■ Assignment: Pictures in the records below must be left out. Return exactly the lines from the line with "Enter the class" to the line with "The memory location for", both included.

■ Information given:

━━━━━━━━

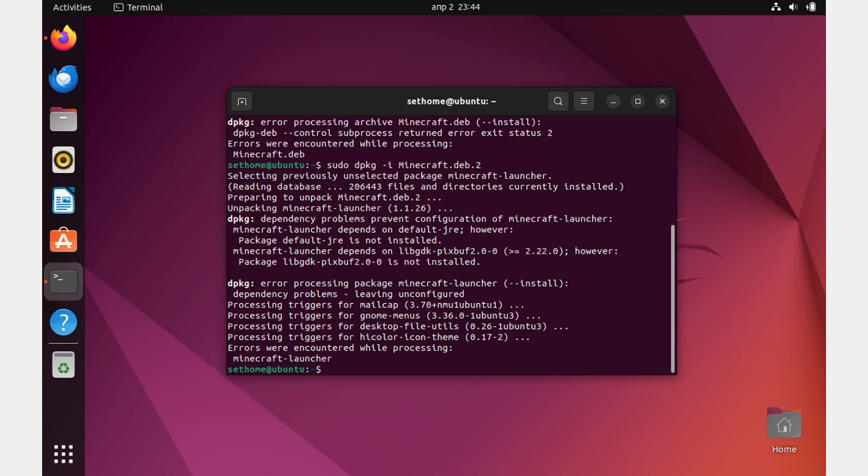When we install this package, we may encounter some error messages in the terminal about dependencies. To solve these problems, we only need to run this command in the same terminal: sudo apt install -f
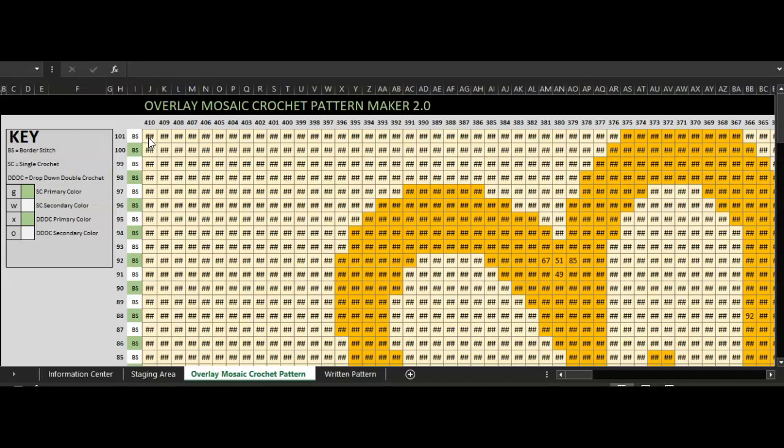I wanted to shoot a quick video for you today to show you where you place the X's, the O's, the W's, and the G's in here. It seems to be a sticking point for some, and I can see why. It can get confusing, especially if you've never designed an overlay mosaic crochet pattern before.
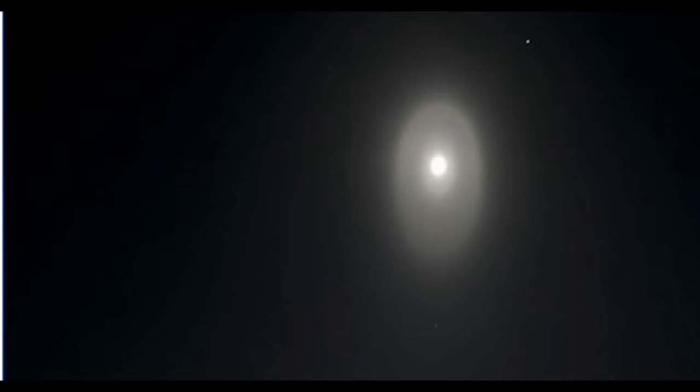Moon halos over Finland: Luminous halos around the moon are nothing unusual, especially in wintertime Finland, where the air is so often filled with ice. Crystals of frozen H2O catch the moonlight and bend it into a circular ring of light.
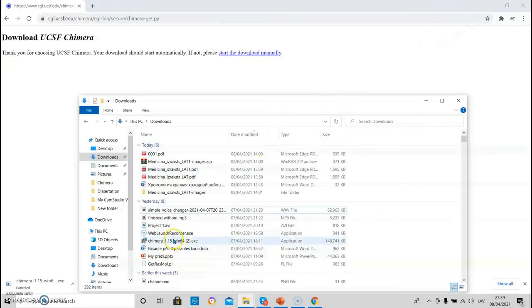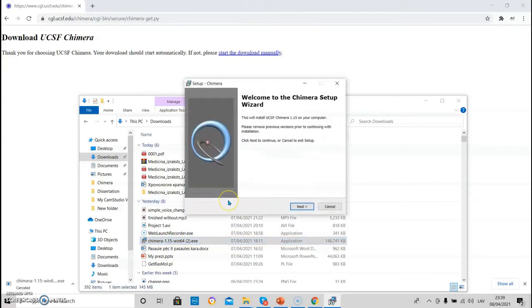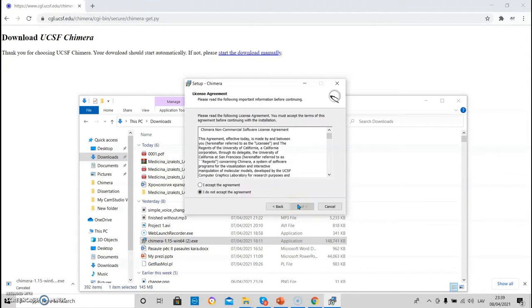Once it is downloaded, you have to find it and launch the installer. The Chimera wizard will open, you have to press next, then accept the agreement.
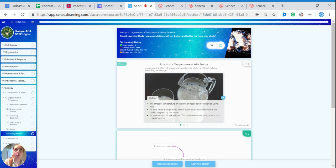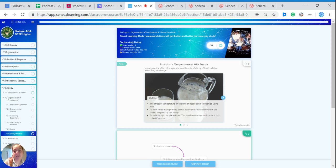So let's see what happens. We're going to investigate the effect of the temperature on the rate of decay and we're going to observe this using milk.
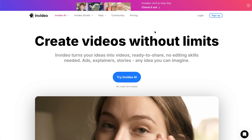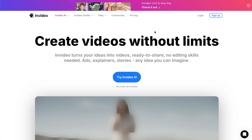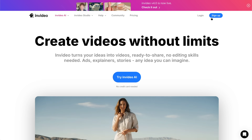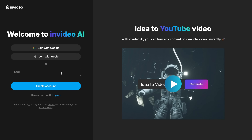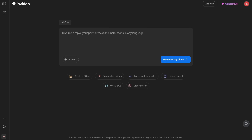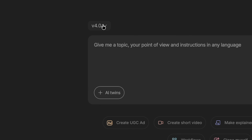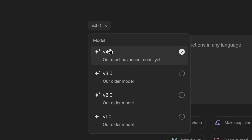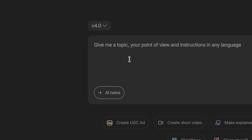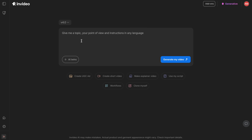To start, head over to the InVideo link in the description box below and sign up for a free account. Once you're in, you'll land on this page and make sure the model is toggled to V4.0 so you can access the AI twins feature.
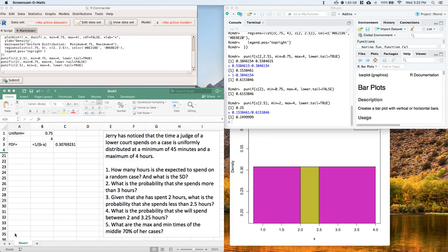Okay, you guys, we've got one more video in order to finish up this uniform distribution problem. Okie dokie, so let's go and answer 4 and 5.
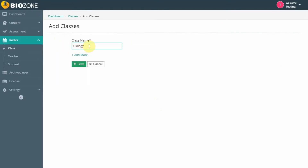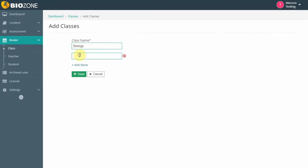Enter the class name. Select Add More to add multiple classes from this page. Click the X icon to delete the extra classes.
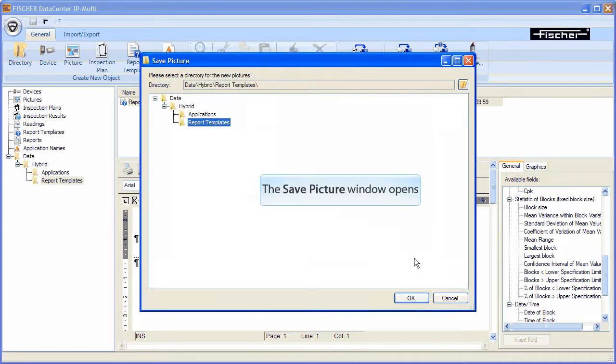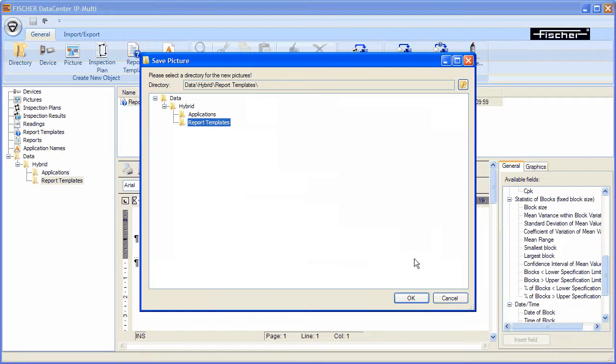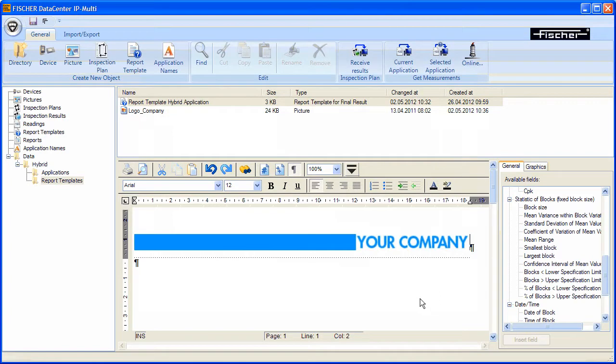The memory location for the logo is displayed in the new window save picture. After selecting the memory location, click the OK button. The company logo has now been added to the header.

━━━━━━━━

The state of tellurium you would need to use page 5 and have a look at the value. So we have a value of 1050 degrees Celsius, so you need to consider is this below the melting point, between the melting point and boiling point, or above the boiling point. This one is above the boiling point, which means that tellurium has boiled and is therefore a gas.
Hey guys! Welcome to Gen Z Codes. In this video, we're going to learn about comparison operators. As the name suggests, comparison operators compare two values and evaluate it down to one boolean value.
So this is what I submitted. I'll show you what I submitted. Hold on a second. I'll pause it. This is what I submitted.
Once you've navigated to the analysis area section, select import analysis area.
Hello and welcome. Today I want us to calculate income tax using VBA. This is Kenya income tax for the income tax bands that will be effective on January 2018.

━━━━━━━━

■ Task result:
Enter the class name. Select Add More to add multiple classes from this page. Click the X icon to delete the extra classes.
The memory location for the logo is displayed in the new window save picture. After selecting the memory location, click the OK button. The company logo has now been added to the header.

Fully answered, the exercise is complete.